Spanish Home Prices Fall for Seventh Quarter as Slump Deepens
30 September 2009 @ 13:44
Sept. 30 (Bloomberg) -- Spanish home prices fell for a seventh quarter in the three months through June as mortgage lending contracted and the worst recession in 60 years pushed up unemployment.
The average price of new and used houses and apartments declined 0.4 percent from the previous quarter, when they fell 2.7 percent, the National Statistics Institute said today in an e-mailed statement. From a year earlier, prices dropped 7.7 percent, with the price of new homes falling 3.9 percent and existing houses declining 11.2 percent.
House prices more than doubled in the decade through 2007 amid falling interest rates and economic growth averaging almost 4 percent a year. The market had already started slowing when the global credit crisis hit, slashing lending, pushing real- estate companies into bankruptcy and leaving more than a million new homes unsold.

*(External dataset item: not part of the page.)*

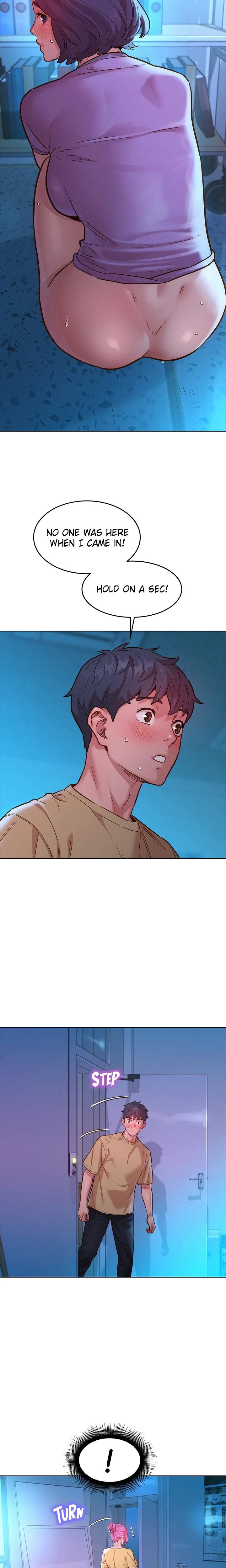Friends To Lovers From Today Chapter 032 Page 6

Spain, home to 11 percent of the European Union’s population, built more than 29 percent of all new homes in the EU from 2001 though 2007. That increased the number of unsold homes to as much as 1.6 million and outstripped annual demand of 218,482 units, according to R.R. de Acuna & Asociados, a property-research company. The excess supply will take six or seven years to be absorbed, the company’s president Fernando Rodriguez de Acuna said on Sept. 15.
The economy has been contracting since the second quarter of 2008, pushing the unemployment rate to 18.5 percent in July, and the Organization for Economic Cooperation and Development expects Spain to take longer than other European countries to recover from the recession. The number of mortgages issued for houses fell 19 percent in July from a year earlier and housing sales declined 20 percent, according to separate data from INE.
Standard & Poor’s forecasts Spanish house prices may fall 20 percent this year, followed by declines of 10 percent and 5 percent in the next two years, it said June 24.